Rachel si sentì frustrata. Herney, in fin dei conti, non le aveva rivelato nulla. «Di cosa si tratta, esattamente?»
Il presidente sorrise. «Oggi constaterà che la pazienza è una virtù. Lei deve vedere con i suoi occhi, capire bene la situazione prima di procedere. Il direttore della NASA la sta aspettando per darle tutte le informazioni del caso. Le dirà tutto ciò che le serve sapere. Dopodiché io e lei riparleremo del suo ruolo.»
Rachel lesse una tensione latente negli occhi del presidente e ricordò il sospetto di Pickering che la Casa Bianca avesse un asso nella manica. A quanto pareva aveva visto giusto, come al solito.
Herney indicò il vicino hangar. «Mi segua» la esortò, incamminandosi.
Rachel si accodò a lui, confusa. La costruzione davanti a loro era priva di finestre e le enormi porte erano sigillate. L'unico accesso si apriva su un lato. Il presidente guidò Rachel e si fermò a pochi metri da una porta socchiusa.
«Io mi fermo qui. Lei proceda» le disse, indicandole l'ingresso.
Rachel esitava. «Non viene con me?»
«Devo tornare alla Casa Bianca, ma la contatterò presto. Ha un cellulare?»
«Certo, signore.»
«Me lo dia.»
Rachel tirò fuori il telefonino e glielo porse, convinta che lui intendesse programmarvi un numero riservato. Invece, se lo infilò in tasca.
«Ora lei è tagliata fuori da ogni contatto» disse il presidente. «Il suo posto di lavoro è stato coperto da altri. D'ora in poi, non parli con nessuno senza chiedere prima il permesso a me o al direttore della NASA.»
Rachel rimase a bocca aperta. "Il presidente mi ha sequestrato il cellulare?"
«Dopo che le avrà dato tutte le informazioni, il direttore la metterà in comunicazione con me attraverso canali sicuri.
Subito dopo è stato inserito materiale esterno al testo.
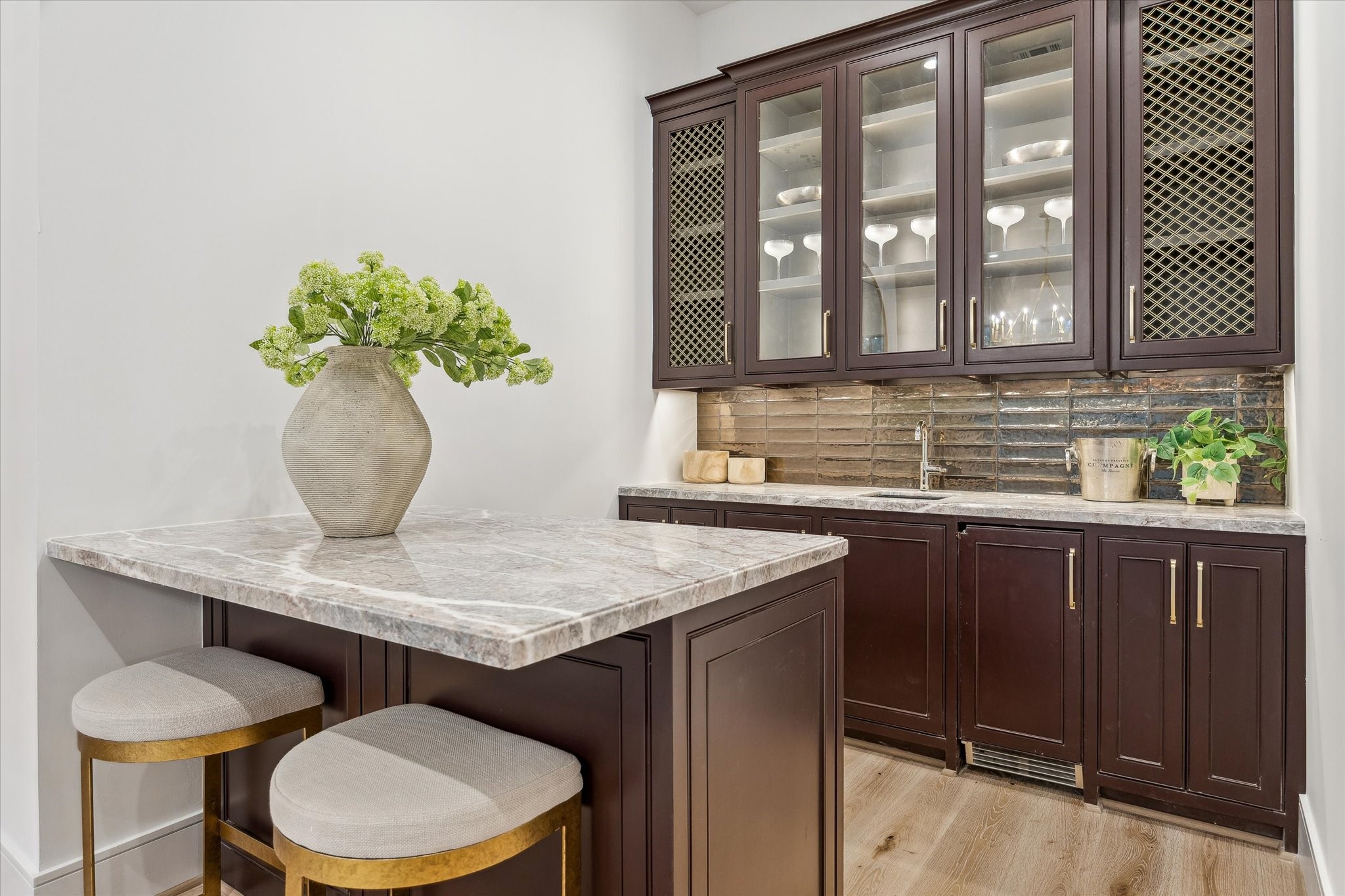 1210 West Drew Street Houston, TX 77006 - Photo 21 of 35 The wet bar off the living room. Quartzite countertops contrast with the dark cabinetry, and brass grills and glass cabinet fronts ensure an elevated feel. Look at those gorgeous metalic coated porcelain tiles in the backsplash! A clear ice maker and beverage coole come built in.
Ci sentiamo presto. Buona fortuna.»
Rachel osservò la porta dell'hangar con crescente disagio.
Il presidente Herney le appoggiò una mano rassicurante sulla spalla e accennò con il capo verso la soglia. «Le prometto, Rachel, che non rimpiangerà di avermi assistito in questa faccenda.»
Non aggiunse altro e si avviò di buon passo verso il Pave Hawk che aveva condotto Rachel lì. Senza mai voltarsi indietro, salì a bordo.
12
Rachel Sexton, sola di fronte alla porta dell'hangar di Wallops, scrutava nel buio davanti a sé. Aveva l'impressione di trovarsi in un altro mondo. Una brezza fredda e umida proveniva dal cavernoso interno, come se l'edificio respirasse. «C'è qualcuno?» chiese con voce titubante.
Silenzio.
Con crescente trepidazione, mosse un passo verso l'interno. La vista le si offuscò per un istante mentre gli occhi cercavano di adattarsi all'oscurità.
«La signora Sexton, immagino» disse una voce maschile, a pochi metri da lei.
Rachel sobbalzò prima di voltarsi verso quel suono. «Sì, signore.»
La forma indistinta di un uomo si avvicinò.
Quando la vista le si schiarì, si trovò a faccia a faccia con un giovane aitante dalla mascella quadrata con la divisa della NASA, muscoloso e atletico, il petto coperto di mostrine.
«Capitano di fregata Wayne Loosigian» si presentò. «Scusi se l'ho spaventata, signora. È molto buio, qui dentro, perché non ho ancora avuto modo di aprire le porte.» Prima che Rachel potesse replicare, aggiunse: «Avrò l'onore di essere il suo pilota, stamattina».
«Pilota?» Rachel lo fissò stupita. "Ho già avuto un pilota." «Ma io sono qui per incontrare il direttore.»
«Infatti, ho l'ordine di portarla immediatamente da lui.»
Quando si rese conto del significato di quelle parole, Rachel ebbe la sensazione di essere stata raggirata. Dunque i suoi viaggi non erano ancora finiti. «Dove si trova il direttore?» chiese diffidente.
«Non sono in possesso di questa informazione» rispose il pilota. «Riceverò le coordinate non appena ci leveremo in volo.»